By Andrew Hobbs
CLOUGH chief executive Peter Bennett has called for improved collaboration between contractors and operators to deliver efficiencies – saying that squeezing margins is not a cure-all for project financing.
“Reducing these margins to zero isn’t going to be enough to reduce the capital expenditure on these new developments to get them across the line. Not even close,” he said.
“Significant savings can be achieved through better project planning between contractors and operators to drive innovation into the project planning phases in the early stages of project developments.”
“Contractors are also in the best position to select equipment or technology to provide equipment to timeframes to reduce our schedule and therefore our costs.”
While Mr Bennett said the oil and gas industry was a very innovative one, innovations were often very slow to be adapted.
However, collaboration between project operators and contractors in the development of technical requirements could reduce costs and project duration – particularly during the front end engineering phase of a project, which he said had the greatest influence on construction costs.
A rethink of the way project planning was developed – including governance obligations that require three bids for every tender – needed to be re-evaluated, he said.
“Historically we receive very prescriptive invitations to tender – they define all the elements of a project – what we are going to build, how we are going to build it, how long it is going to take – and our innovation and expertise in the contractor base isn’t able to be brought to bear in that kind of environment,” he said.
“It is in our interest for companies to come together to develop a more meaningful engagement in the upfront planning stage to take advantage of (this) and combine it with the operator’s skill sets and leverage into a much more effective and efficient project planning in the offset.”
“Contractors have to be more engaged, have to be more involved in this process… but neither of us can do it on our own – we have to bring ourselves together and take advantage of the knowledge of our respective organisations,” he said.
With capital expenditure on projects now 40 per cent lower on average from the peak of the construction boom, Mr Bennett said he was seeing companies making an early move to reduce contractor margins and cut staff.

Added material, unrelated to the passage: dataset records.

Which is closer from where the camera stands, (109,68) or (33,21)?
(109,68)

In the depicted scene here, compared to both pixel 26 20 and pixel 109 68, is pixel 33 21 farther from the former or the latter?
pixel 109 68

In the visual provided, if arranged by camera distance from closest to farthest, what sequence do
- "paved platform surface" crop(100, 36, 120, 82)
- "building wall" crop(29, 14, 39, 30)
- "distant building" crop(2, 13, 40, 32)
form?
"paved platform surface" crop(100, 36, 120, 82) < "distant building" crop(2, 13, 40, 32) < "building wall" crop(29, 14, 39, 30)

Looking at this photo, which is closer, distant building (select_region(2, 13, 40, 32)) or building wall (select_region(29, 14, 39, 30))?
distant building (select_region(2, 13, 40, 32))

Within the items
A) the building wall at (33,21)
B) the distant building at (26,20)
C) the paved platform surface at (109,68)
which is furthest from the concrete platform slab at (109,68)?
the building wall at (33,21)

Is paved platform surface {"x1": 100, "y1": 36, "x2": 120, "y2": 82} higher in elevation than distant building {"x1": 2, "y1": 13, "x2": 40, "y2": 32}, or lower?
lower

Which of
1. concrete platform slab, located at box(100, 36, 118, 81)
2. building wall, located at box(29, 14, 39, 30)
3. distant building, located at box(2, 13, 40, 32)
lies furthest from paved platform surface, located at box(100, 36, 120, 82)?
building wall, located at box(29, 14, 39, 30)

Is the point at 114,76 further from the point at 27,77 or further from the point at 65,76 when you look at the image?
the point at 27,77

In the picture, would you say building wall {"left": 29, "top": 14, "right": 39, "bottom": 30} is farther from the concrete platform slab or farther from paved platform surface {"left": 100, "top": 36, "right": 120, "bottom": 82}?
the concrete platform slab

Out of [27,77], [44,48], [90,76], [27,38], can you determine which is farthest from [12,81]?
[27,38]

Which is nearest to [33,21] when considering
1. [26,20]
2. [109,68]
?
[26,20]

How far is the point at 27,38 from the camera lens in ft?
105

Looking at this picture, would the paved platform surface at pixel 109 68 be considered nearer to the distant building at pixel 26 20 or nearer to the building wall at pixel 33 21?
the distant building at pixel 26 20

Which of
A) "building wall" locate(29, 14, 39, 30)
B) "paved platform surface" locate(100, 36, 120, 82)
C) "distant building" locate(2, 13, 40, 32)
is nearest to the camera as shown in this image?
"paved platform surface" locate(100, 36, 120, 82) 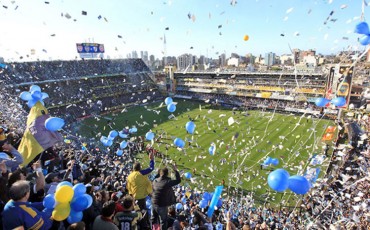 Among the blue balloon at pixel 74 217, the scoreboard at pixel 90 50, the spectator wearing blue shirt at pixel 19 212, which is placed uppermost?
the scoreboard at pixel 90 50

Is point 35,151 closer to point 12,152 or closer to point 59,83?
point 12,152

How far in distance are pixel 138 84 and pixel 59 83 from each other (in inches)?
614

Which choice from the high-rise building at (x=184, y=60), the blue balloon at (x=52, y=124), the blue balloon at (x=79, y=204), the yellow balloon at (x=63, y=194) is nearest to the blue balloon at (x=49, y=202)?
the yellow balloon at (x=63, y=194)

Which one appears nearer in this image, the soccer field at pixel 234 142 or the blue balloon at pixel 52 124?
the blue balloon at pixel 52 124

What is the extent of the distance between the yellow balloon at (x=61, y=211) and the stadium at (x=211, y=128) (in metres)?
3.30

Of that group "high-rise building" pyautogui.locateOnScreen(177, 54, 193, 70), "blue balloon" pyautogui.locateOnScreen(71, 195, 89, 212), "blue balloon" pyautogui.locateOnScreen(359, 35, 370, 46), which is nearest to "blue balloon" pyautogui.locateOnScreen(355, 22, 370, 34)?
"blue balloon" pyautogui.locateOnScreen(359, 35, 370, 46)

“A lot of people tend to then try to manage the contract and the commercial side of things without keeping as much focus on executing the work,” he said.
While the industry had been focussed on workforce productivity, Mr Bennett said it was doing them a disservice to change plans and priorities as projects evolved.
“Our focus on beating industry norms and innovation, rather than precisely prescriptive customised technical specifications for every different project is also going to be crucial to be able to reduce costs,” he said.
“Many of our clients recognise this issue… They need the industry to come together to help them help themselves.”